Say for example I am working on MyBranch branch and have been pushing it to the remote so that it gets stored somewhere else other than my own local machine (and probably other people will merge my changes to keep development in sync).

a--b--c--d--g--h (master, origin/master)
      \
       e--f--i (MyBranch, origin/MyBranch)

Say I do some local development

a--b--c--d--g--h (master, origin/master)
      \
       e--f--i (origin/MyBranch)--j--k--l (MyBranch)

Say someone else updates MyBranch with the development that has gone into master.
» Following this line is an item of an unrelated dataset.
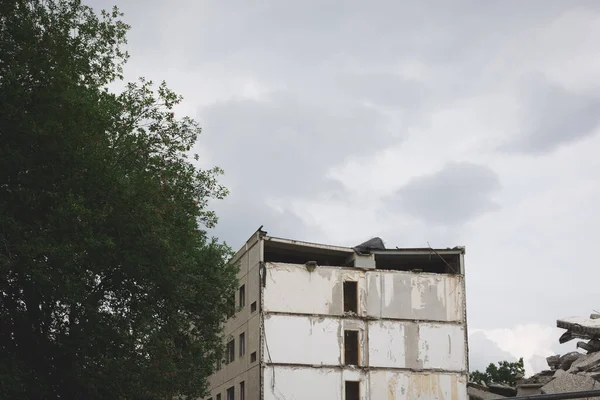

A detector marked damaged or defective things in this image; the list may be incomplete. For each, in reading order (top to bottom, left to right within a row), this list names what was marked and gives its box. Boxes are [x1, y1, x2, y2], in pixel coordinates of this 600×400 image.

broken concrete chunk [556, 352, 580, 370]
broken concrete chunk [540, 374, 596, 396]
 a--b--c--d--g--h (master, origin/master)
       \         \
        e--f--i---m( origin/MyBranch)
               \
                j--k--l(MyBranch)

If I then update by pulling git pull --rebase, how would my tree looks like? Will it only rewrite the history of j, k, l (those local to mine) and put it on top of m, or will it rewrite other history that is already on the remote branch?

What exactly is the rebase start point and which is the replays?

Also if origin/MyBranch is being merged into other upstream branch like "develop" then what are the implications of my rebase?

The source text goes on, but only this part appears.